[Task requirements]
In the records below, reproduce exactly the lines from the one containing "A pair of 20th" through the one containing "A pair of women's", both included, and omit the pictures.

[Image-text web data]
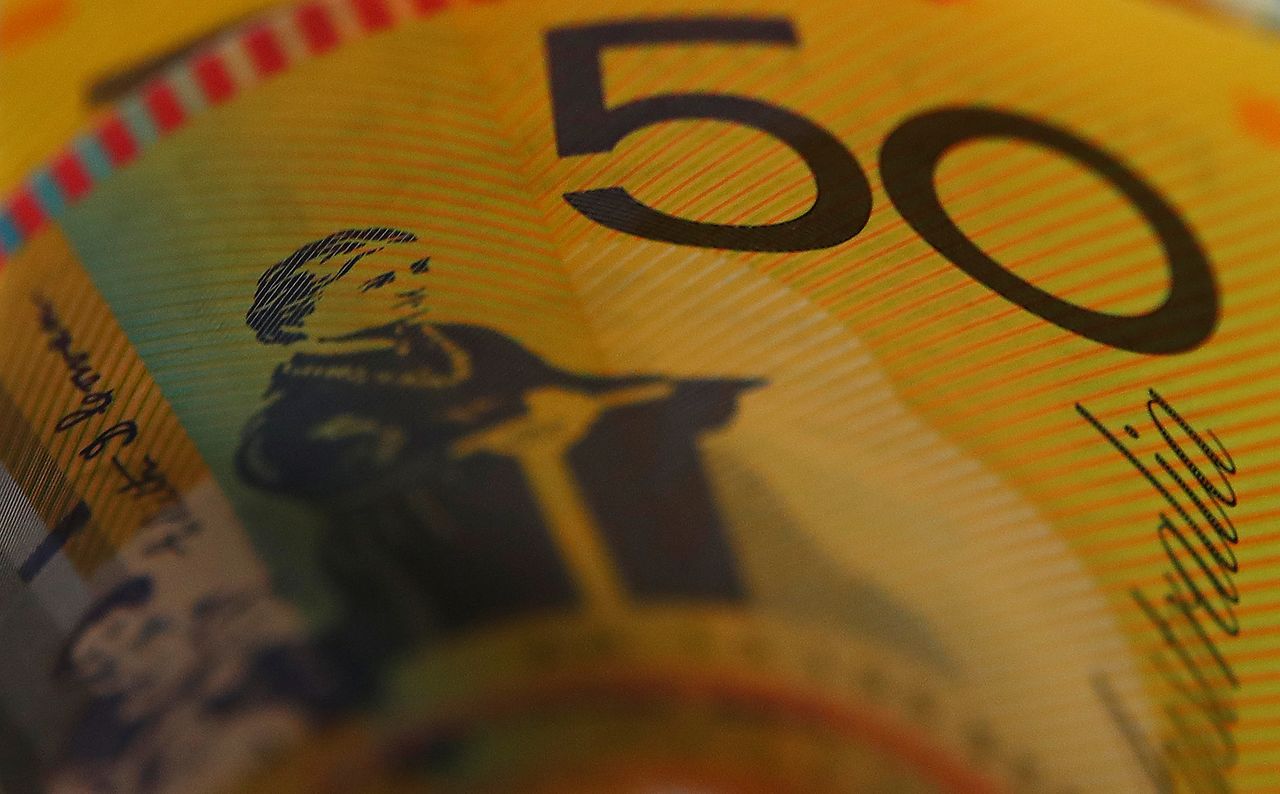 FILE PHOTO: Australian dollars are seen in an illustration photo February 8, 2018. REUTERS/Daniel Munoz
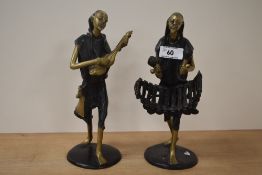 A pair of 20th century African (most likely Bennin) bronze musician figures with patinated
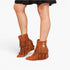 A pair of women's brown suede ankle boots with long fringe and a low block heel, shown on a model's feet against a light gray studio background.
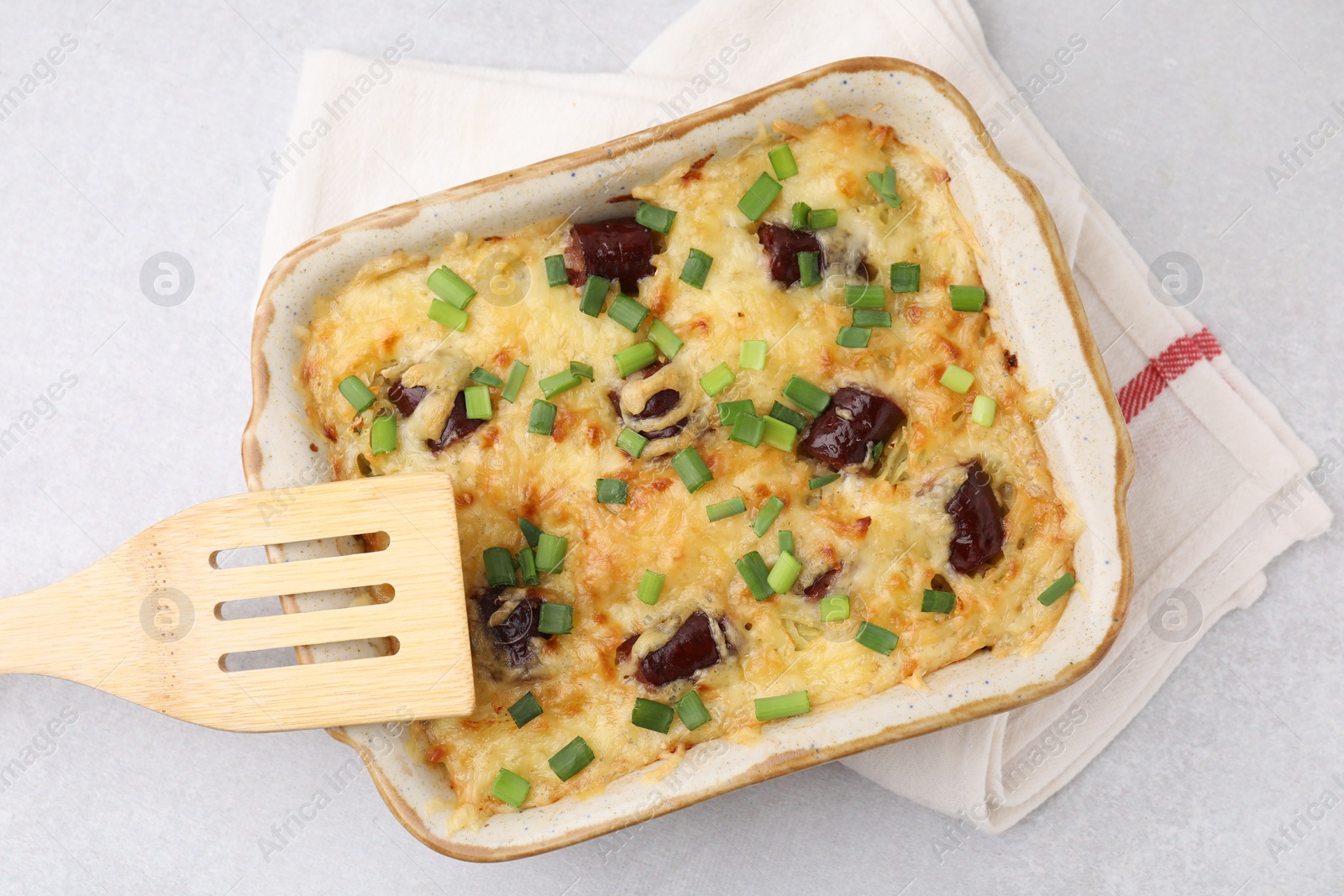 Photo of Tasty sausage casserole with green onions in baking dish on white table, top view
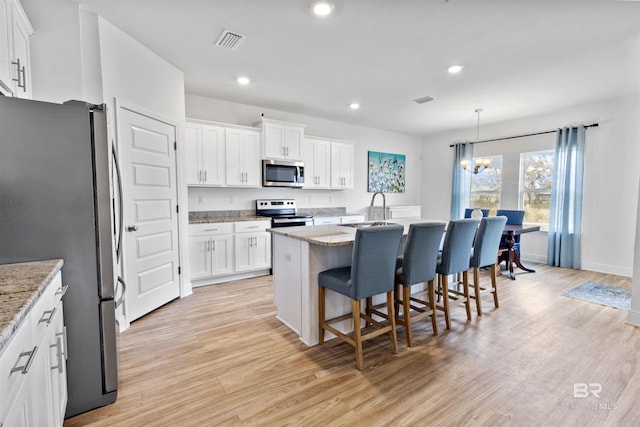 kitchen featuring appliances with stainless steel finishes, light wood-type flooring, visible vents, and white cabinetry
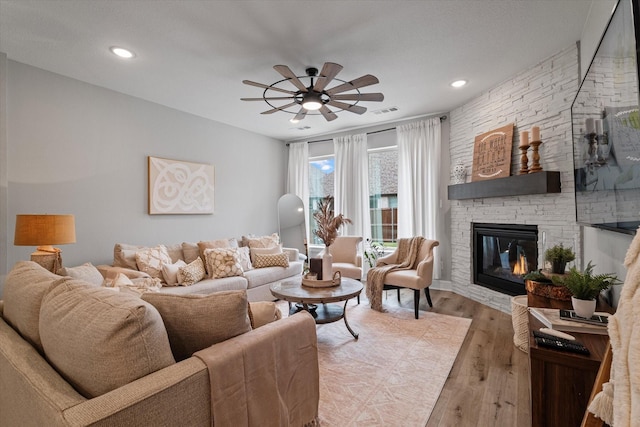 living room with ceiling fan, wood-type flooring, and a stone fireplace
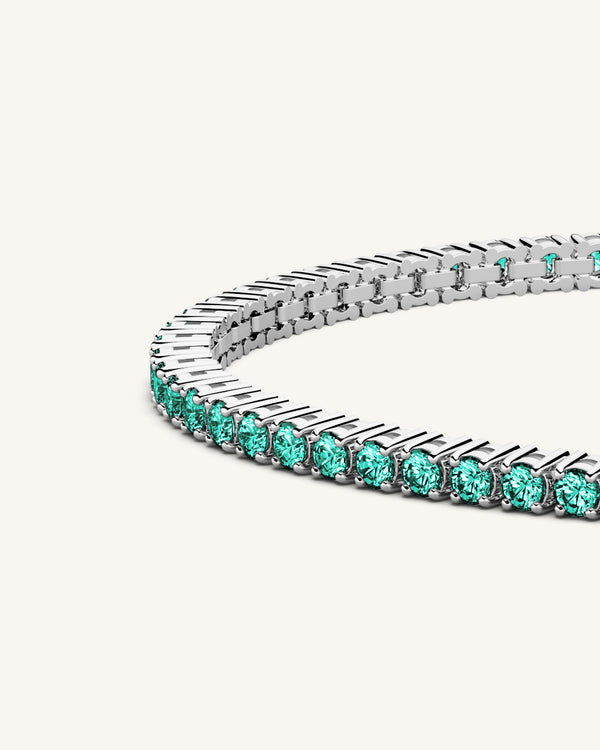 A polished stainless steel chain in silver with turquoise stones from Waldor & Co. The model is Tennis Chain Polished
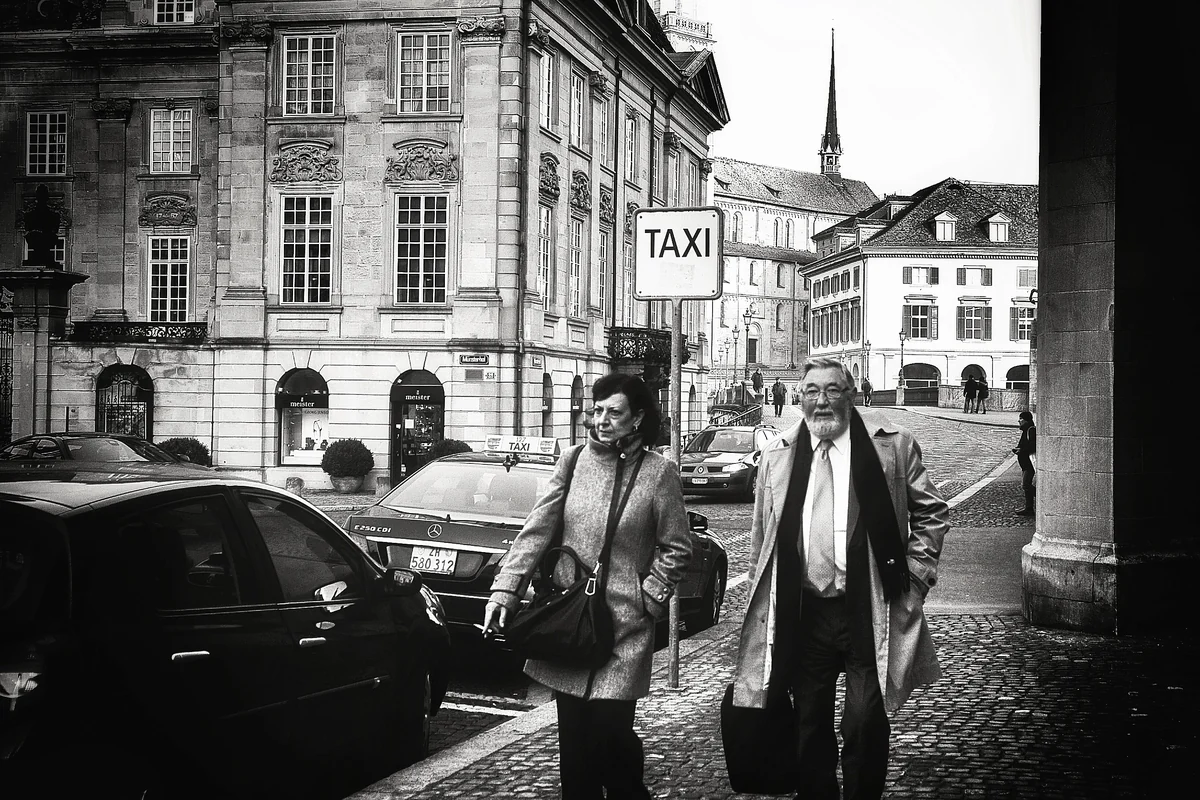 Taxi sign and taxis in Zurich illustrating the airport taxi option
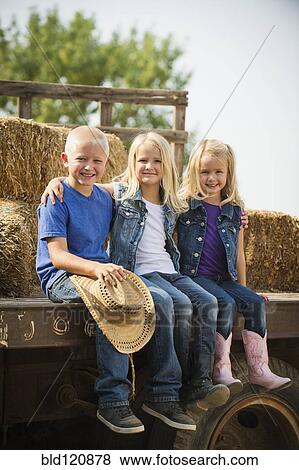 Caucasian children sitting on truck on farm View Large Photo Image Stock Photo - Caucasian children sitting on truck on farm. Fotosearch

[Output for this task]
 A pair of 20th century African (most likely Bennin) bronze musician figures with patinated
 A pair of women's brown suede ankle boots with long fringe and a low block heel, shown on a model's feet against a light gray studio background.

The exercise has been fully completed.